Pathdreamer takes a sequence of past observations as input and generates predictions for a trajectory of future places, which the agent interacting with the returned observations can offer upfront or iteratively. RGB, semantic segmentation and depth pictures are used in both the inputs and the predictions. Internally, Pathdreamer represents surfaces in the world with a 3D point cloud. The RGB colour value of each point in the cloud is labelled and the semantic segmentation class, such as wall, chair, or table.
When predicting visual observations in a new place, the point cloud is firstly re-projected into 2D in the new site to provide ‘guidance’ images. Pathdreamer then generates realistic high-resolution RGB, semantic segmentation, and depth using these images. New observations (actual or anticipated) are amassed in the point cloud as the model ‘moves.’ The use of a point cloud for memory has the advantage of temporal consistency: revisiting regions are represented in the same way as prior observations.
Pathdreamer works in two stages to convert guidance images into convincing and realistic results:
- In the first stage, the structure generator creates segmentation and depth pictures
- In the second stage, the image generator transforms them into RGB outputs.
The first stage conceptualizes a possible high-level semantic representation of the scene, which is then rendered into a realistic colour image in the second stage. Convolutional neural networks are used in both stages.

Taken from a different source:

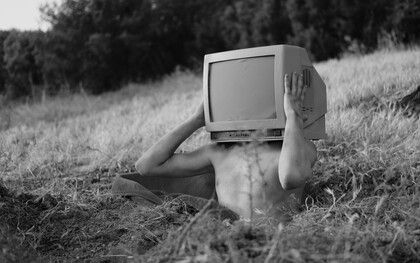 A televisão clandestina surgiu da combinação entre o avanço tecnológico e o espírito contestador da época. Equipamentos como transmissores caseiros, videocassetes e câmeras analógicas tornaram-se mais acessíveis, permitindo que produtores independentes experimentassem novas formas de expressão audiovisual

Many different scenes are possible in areas of high ambiguity, such as a location believed to be around a corner or in an unknown chamber. The structure generator is based on a noise variable, representing the stochastic information about the next location that is not recorded in the guide images, including principles from stochastic video production. Pathdreamer can synthesis varied landscapes by sampling multiple noise variables, allowing an agent to sample various conceivable outcomes for a given route. These various outputs are reflected in both the first stage output and in the generated RGB images.
Pathdreamer is capable of synthesizing realistic visuals as well as continuous video sequences after being trained with photographs and 3D environment reconstructions from Matterport3D. Because the output imagery is high-resolution and 360o, existing navigation agents may easily adapt it for use with any camera field of view.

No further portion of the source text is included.